Num dado momento, chegaram a um lugar em que havia uma árvore frondosa, gigantesca, e sob ela, já envolvido pelo cipó, um velhinho sentado em estado meditativo. Sua barba e cabelos longos cobriam o chão. Nesse momento o mestre de Liu disse-lhe: “Não fique aí parado, feche os olhos, ajoelhe-se e reverencie”.
O mestre depois explicou: “aquele em meditação é o nosso patriarca, o primeiro corpo do nosso patriarca, ou seja, ele saiu do mundo físico e entrou no mundo do Kun Lun espiritual. De lá, meditou de novo, transcendeu de novo, criou outro corpo e foi para o outro Monte Kun Lun, deixando o corpo parado lá, em meditação, há centenas de milhares de anos.

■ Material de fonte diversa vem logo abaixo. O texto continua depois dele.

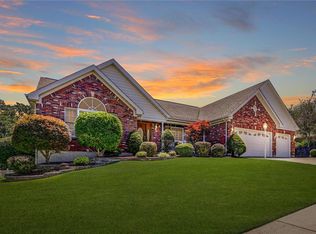 4955 Sunset Oaks Ln, Saint Louis, MO 63128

Ele não está mais naquele corpo, está em outro nível do Kun Lun, mas tem que reverenciar, pois é o primeiro corpo ascencionado do patriarca da Linhagem Kun Lun.”
Portanto, o Patriraca já havia seguido para o segundo ou terceiro nível do Kun Lun, e o Mestre Liu estava ligado ao primeiro nível.
Conta-se que aos 95 anos de idade, Mestre Liu reuniu algumas pessoas entre discípulos e iniciados e falou: “Vou retornar ao Kun Lun”. Então ele se sentou e simplesmente “desligou-se” – o espírito dele foi pelo menos para o primeiro nível e lá deve estar continuando o seu trabalho espiritual para poder ascender aos outros níveis.
A Tradição Taoísta propicia ao praticante caminhos para a realização espiritual e o Kun Lun representa o estágio mais elevado dessa realização. Sua grande altura, forma íngreme e as fortes ondas, indicam que o acesso não é fácil, mas que, com trabalho, torna-se uma condição possível e segura de se atingir, porém, é preciso “dar a partida” com simplicidade, afetividade e humildade. Se o Caminho começa debaixo dos pés, como diz Lao Tsé, então vamos começar, ou melhor, vamos “Retornar ao Kun Lun”.